Les premiers flocons de l'hiver s'abattaient avec douceur sur la ville endormie. Je me rappelais alors quand petite je jouais dans la neige, avec mes parents, mais le temps est passé, car à la mort de mon père, ma mère avait quitté la maison, me laissant seule, à 10 ans chez les parents de mon père. Je n'avais plus aucunes nouvelles d'elle à part qu'elle avait épousé un autre homme et fondé une nouvelle famille avec lui, elle avait eu un enfant la même année de sa disparition. Son nom? Je ne sais pas...son prénom? Encore moins. Elle avait certainement jamais évoqué mon existence à sa chère et tendre nouvelle famille. Elle m'avait oubliée, et à vrai dire moi aussi j'avais tourné la page point à la ligne.

Je me maudis intérieurement d'avoir eu la merveilleuse idée de prendre ses satanés talons qui me compressaient les orteils. Je marchais d'une foulée rapide et assurée, comme à mon habitude. Je savais où j'allais, ce que je devais faire, toute ma journée était ordonnée heure par heure. Je devais tout d'abord prendre un café, puis me diriger vers mon entreprise, puis j'enchainais rendez-vous sur rendez-vous jusqu'à ma pause déjeuner. Puis je devais rédiger un rapport sur le meeting de jeudi prochain, enfin je rentrerais chez moi en faisant un détour chez le tailleur. J'aperçus au loin le café, accélérais le pas.
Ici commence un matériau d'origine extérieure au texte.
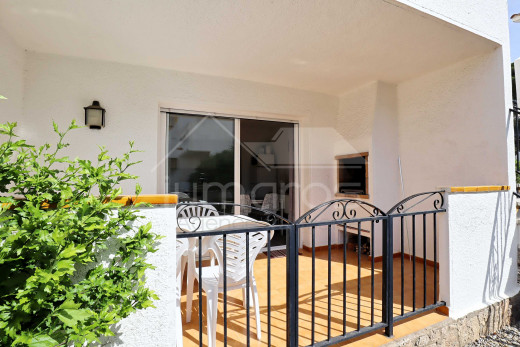 Appartement avec piscine et parking privé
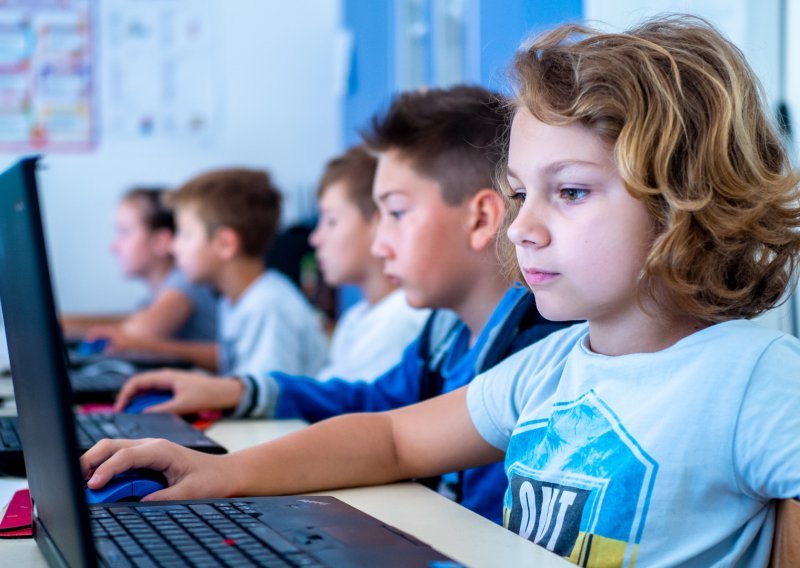 Pet ključnih digitalnih vještina koje vaša djeca mogu steći već ove jeseni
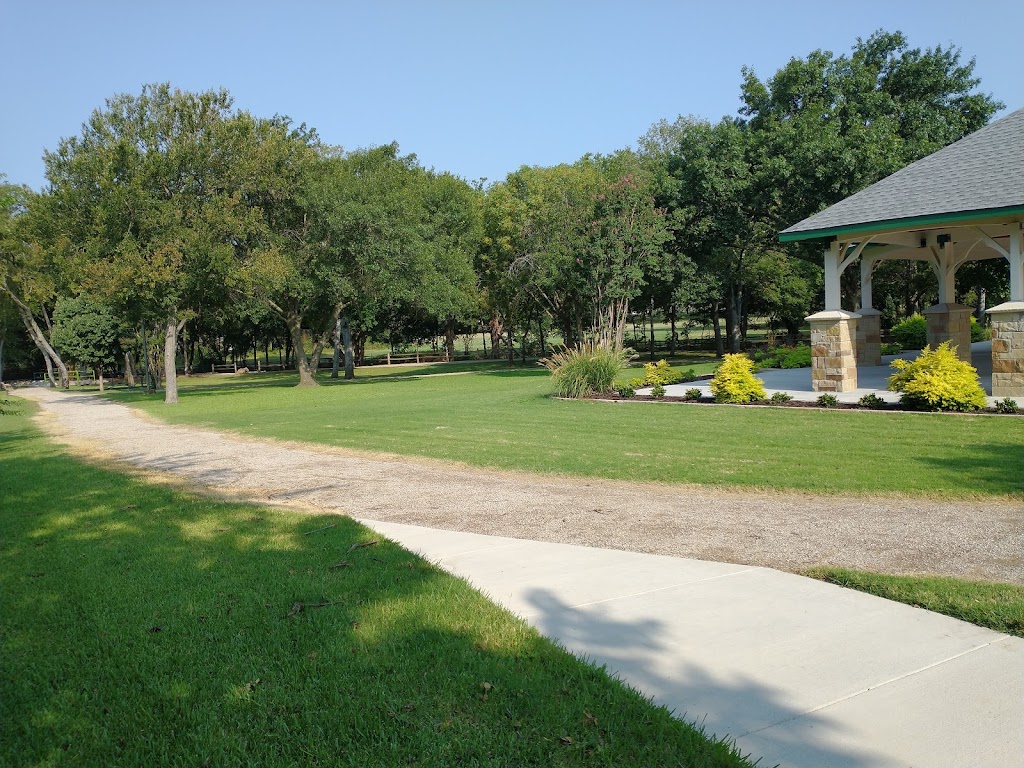 J.A. Carr Park | 508 Simmons Dr, Euless, TX 76040, USA | Phone: (817) 685-1429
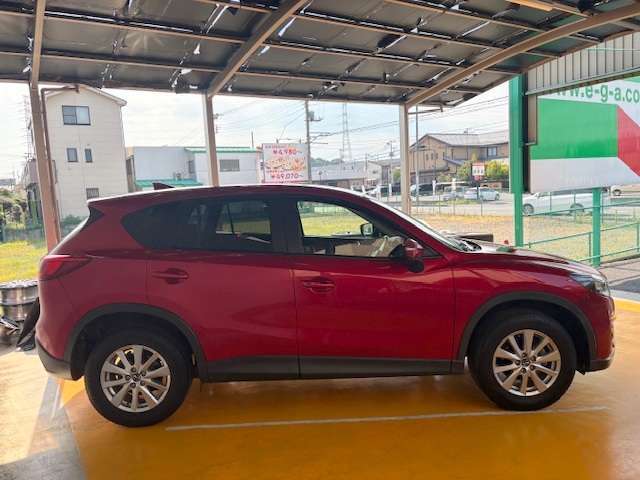 自動衝突被害軽減ブレーキ・レーンキープアシスト搭載車です！お気軽にお問い合わせ下さい！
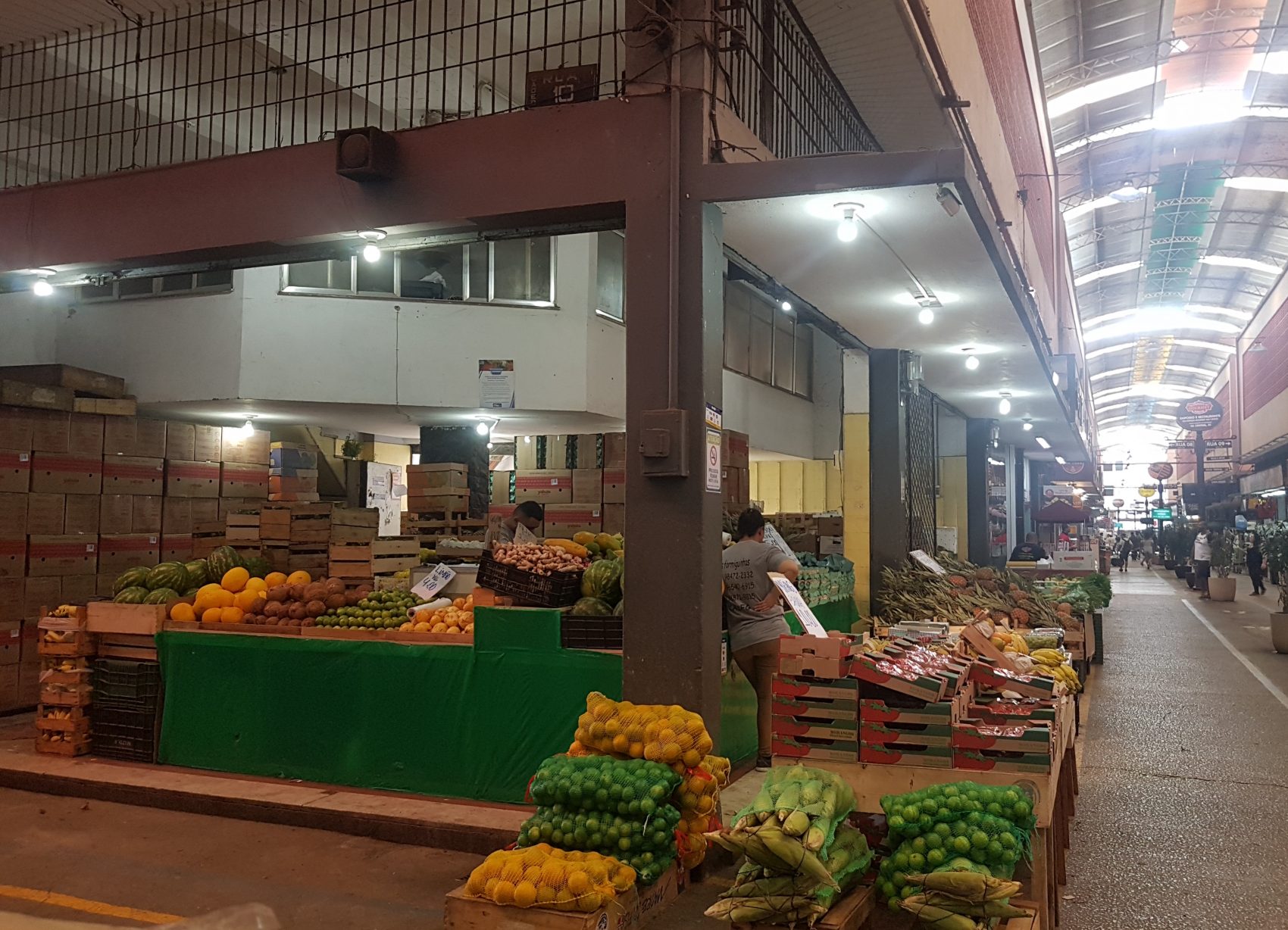 Uma das 700 lojas do Cadeg, por onde é possível passar horas passeando (Foto Oscar Valporto)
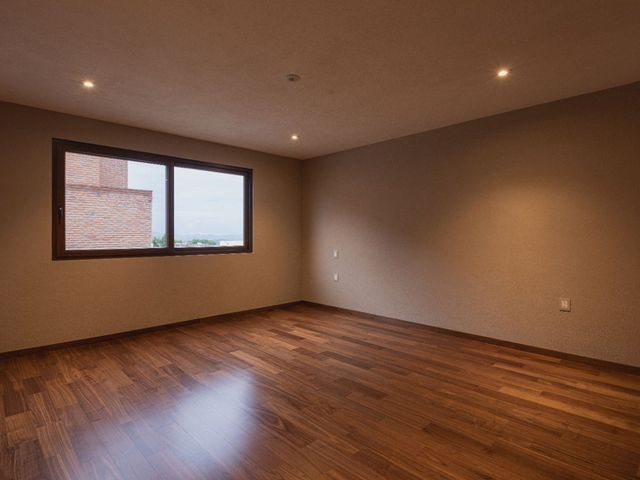 place photo 56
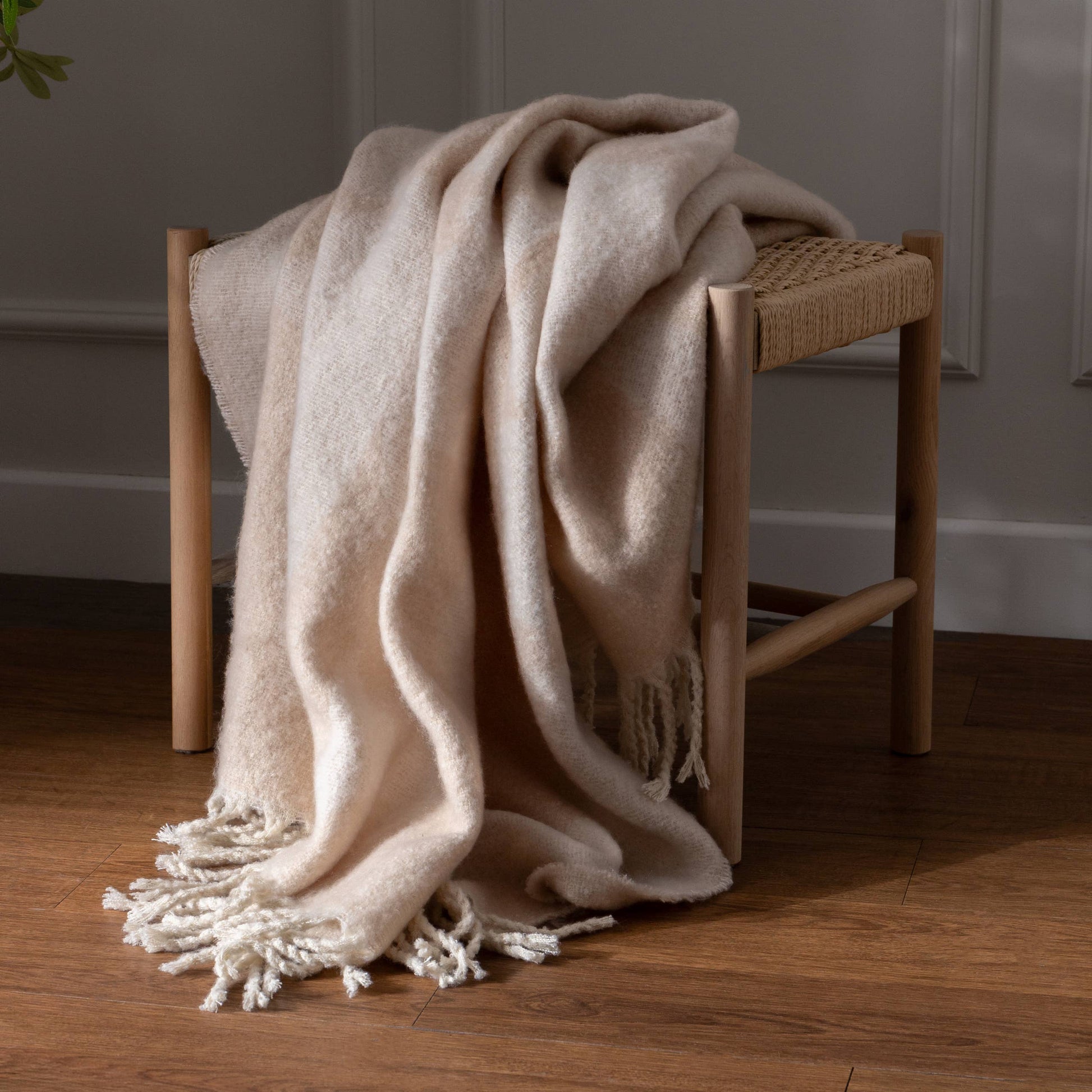 Meta Throw Marshmallow - Bridgnorth Furniture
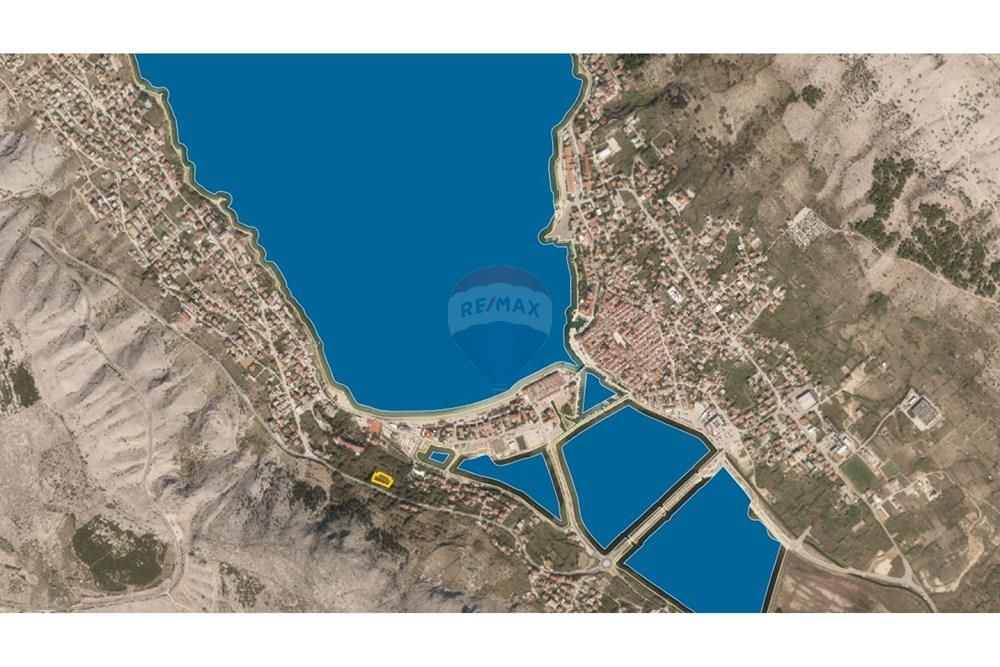 Terreno PAG, 260.640 €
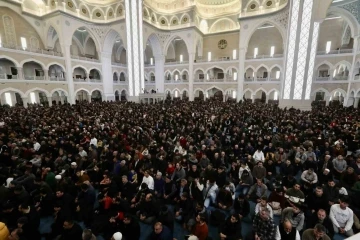 Gaziantep'te Berat Kandili Coşkusu: Şahinbey Millet Camii Doldu Taştı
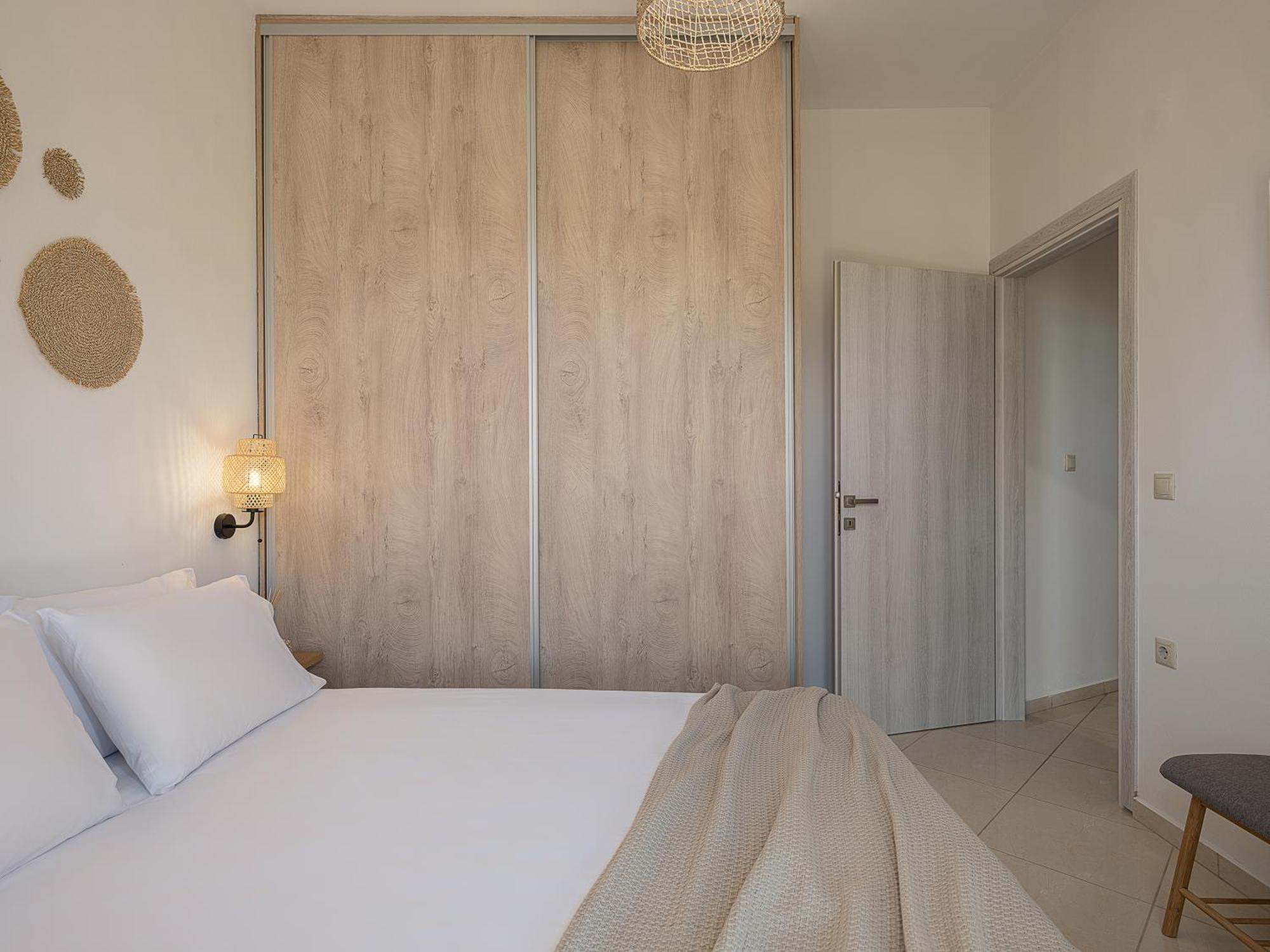 Sol Luxury Apartment - Close To The Beach With A Private Mini Pool Ханья Экстерьер фото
- Bonjour! dis-je en entrant dans le lieu.

- Hey Nancy! Comme d'hab?

- Tu as tout compris.

Elle me tendit un grand café supplément crème fouettée. Elle me sourit, je le lui rendis. Je me retournais pour me diriger vers la sortie mais un grand type me percuta et tout mon café bouillant se déversa sur ma chemise blanche. Je frémis au contact du liquide brun sur ma peau. Je relevai la tête, un jeune homme se tenait devant moi. Il avait le teint halé et les cheveux aussi sombres que les miens. Il fit une petite moue en apercevant la tâche brune sur ma poitrine. Il me fixa d'un air navré.

- Je suis vraiment désolé.

Il attrapa une serviette en papier pour m'essuyer. Il la posa sur ma poitrine, je reculai, il rougit. Toute mon organisation venait d'être chamboulée par un insignifiant incident au détour d'un café.

- Je vais vous repayer votre café, dit-il avec empressement, c'est la moindre des choses, il sourit d'un air gêné et se retourna vers le comptoir.

Je soupirai avec agacement et je sortis du café sans un regard vers l'homme toujours de dos. Pas grave pour ma chemise, je n'avais pas le temps, je fermerai ma veste. Le plus important c'était d'arriver à l'heure. J'entendis des pas derrière moi, j'accélérai.

- Attendez!

Il posa sa main sur mon épaule, j'avouais qu'il était craquant. Il me tendit un café je le saisis et bafouillais un merci. Je me retournais et continuais ma route, mais il me suivait de près.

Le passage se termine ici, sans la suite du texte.